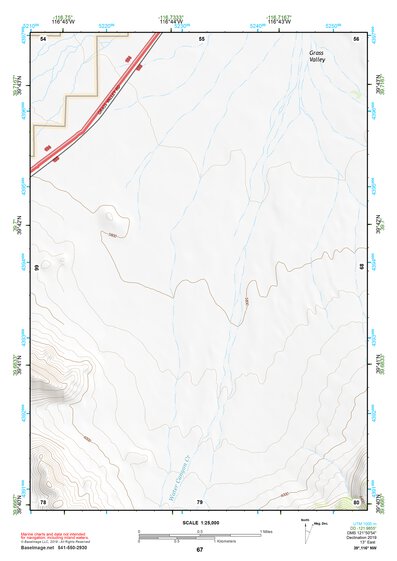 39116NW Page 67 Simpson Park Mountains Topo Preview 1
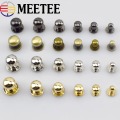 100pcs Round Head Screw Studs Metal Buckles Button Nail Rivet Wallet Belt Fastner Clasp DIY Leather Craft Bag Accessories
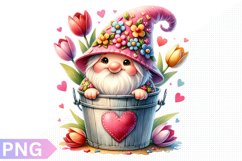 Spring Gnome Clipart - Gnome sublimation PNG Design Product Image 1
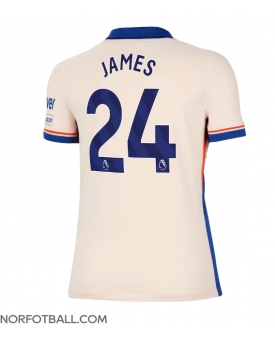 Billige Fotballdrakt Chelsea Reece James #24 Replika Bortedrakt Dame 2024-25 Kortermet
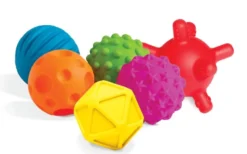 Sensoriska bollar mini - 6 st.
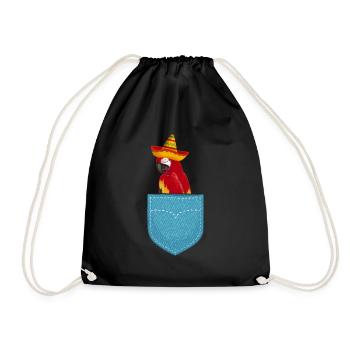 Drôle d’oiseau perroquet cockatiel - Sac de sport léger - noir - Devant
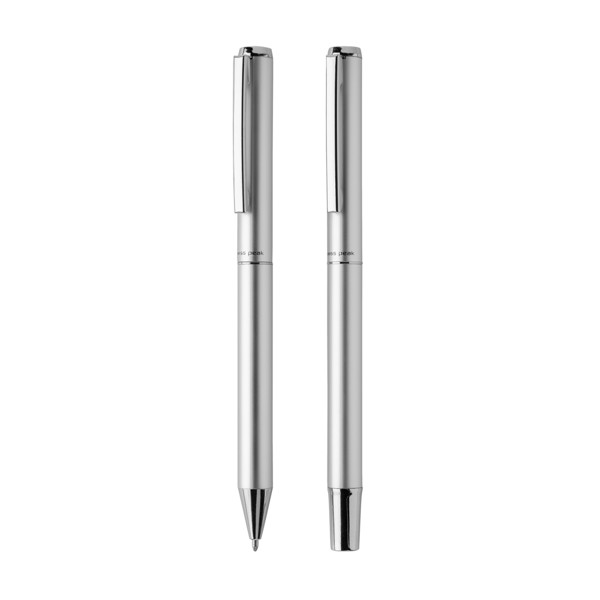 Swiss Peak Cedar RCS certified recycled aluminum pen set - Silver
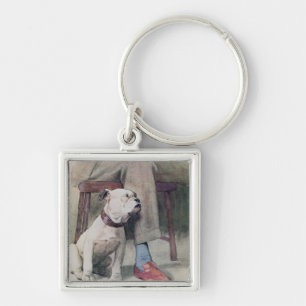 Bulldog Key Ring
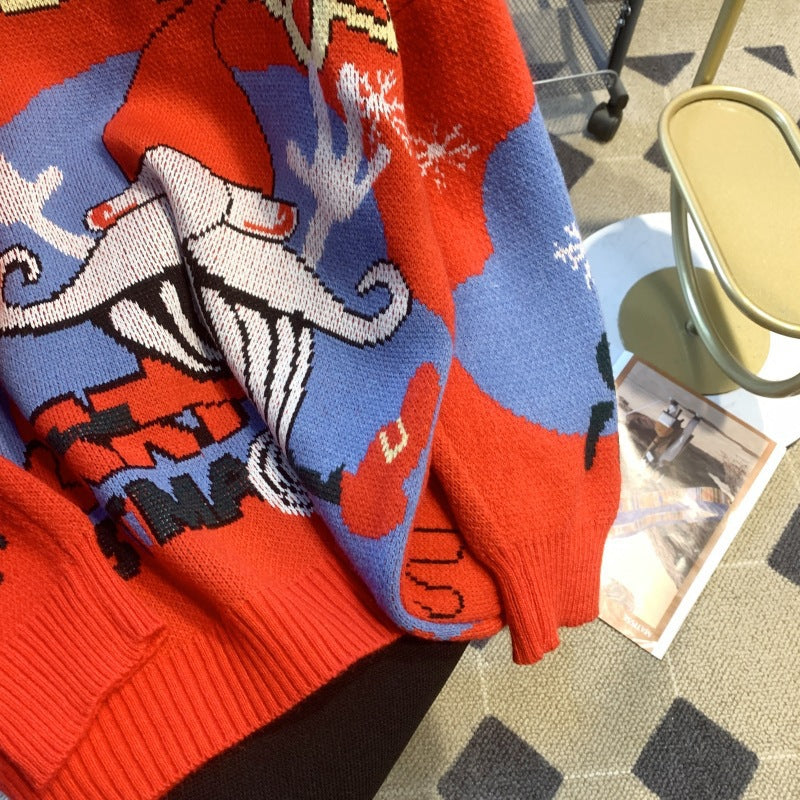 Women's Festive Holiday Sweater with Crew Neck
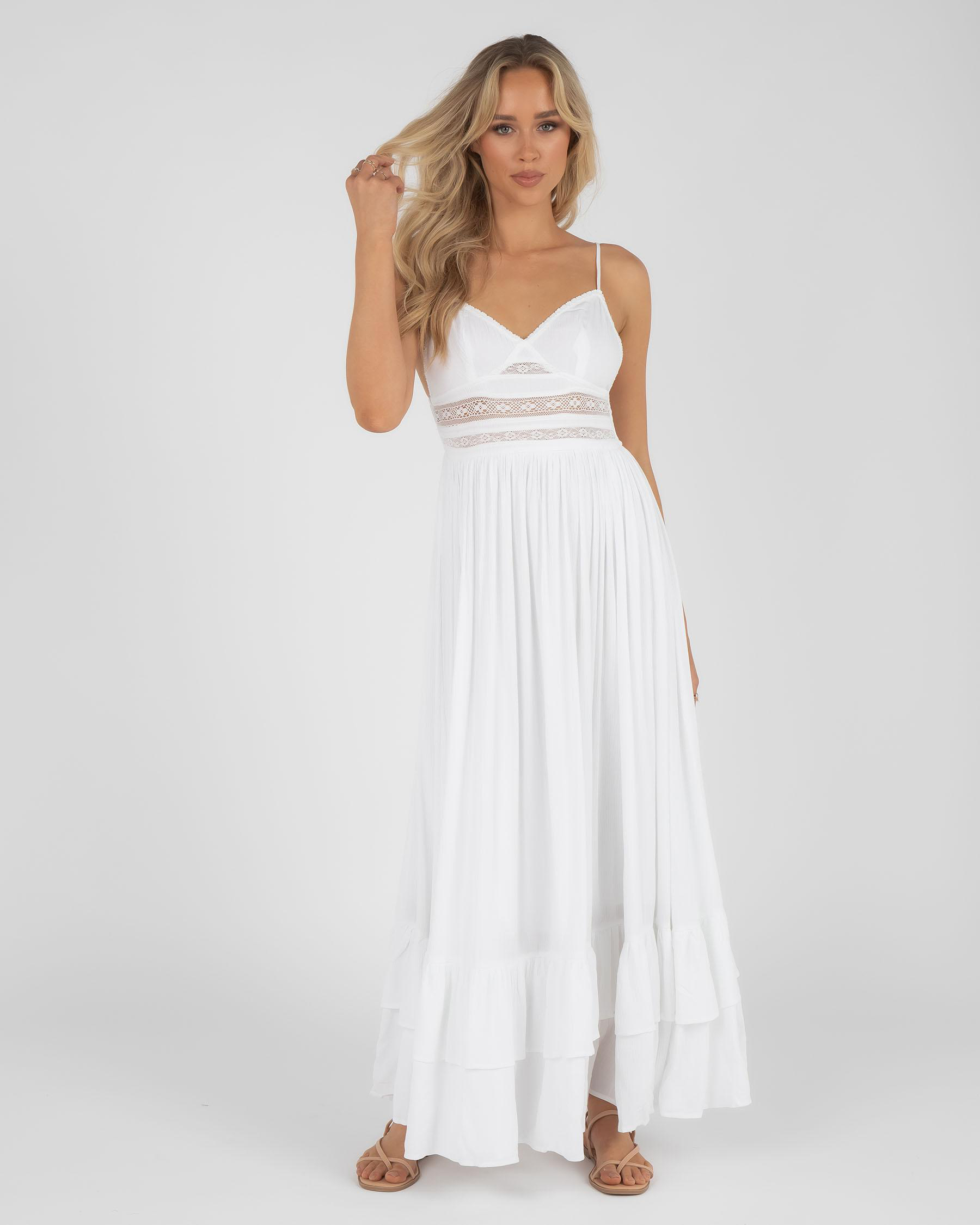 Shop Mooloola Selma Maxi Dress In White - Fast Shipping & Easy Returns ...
- - - -
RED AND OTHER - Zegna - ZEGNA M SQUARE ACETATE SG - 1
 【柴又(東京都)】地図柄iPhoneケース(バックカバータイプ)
- - - -
_ASSIGNMENT_:
When copying from the data above, begin at the line containing "Bulldog Key Ring" and end at the line containing "Shop Mooloola Selma"; return those lines exactly and leave all pictures behind.

_EXERCISE RESULT_:
 Bulldog Key Ring
 Women's Festive Holiday Sweater with Crew Neck
 Shop Mooloola Selma Maxi Dress In White - Fast Shipping & Easy Returns ...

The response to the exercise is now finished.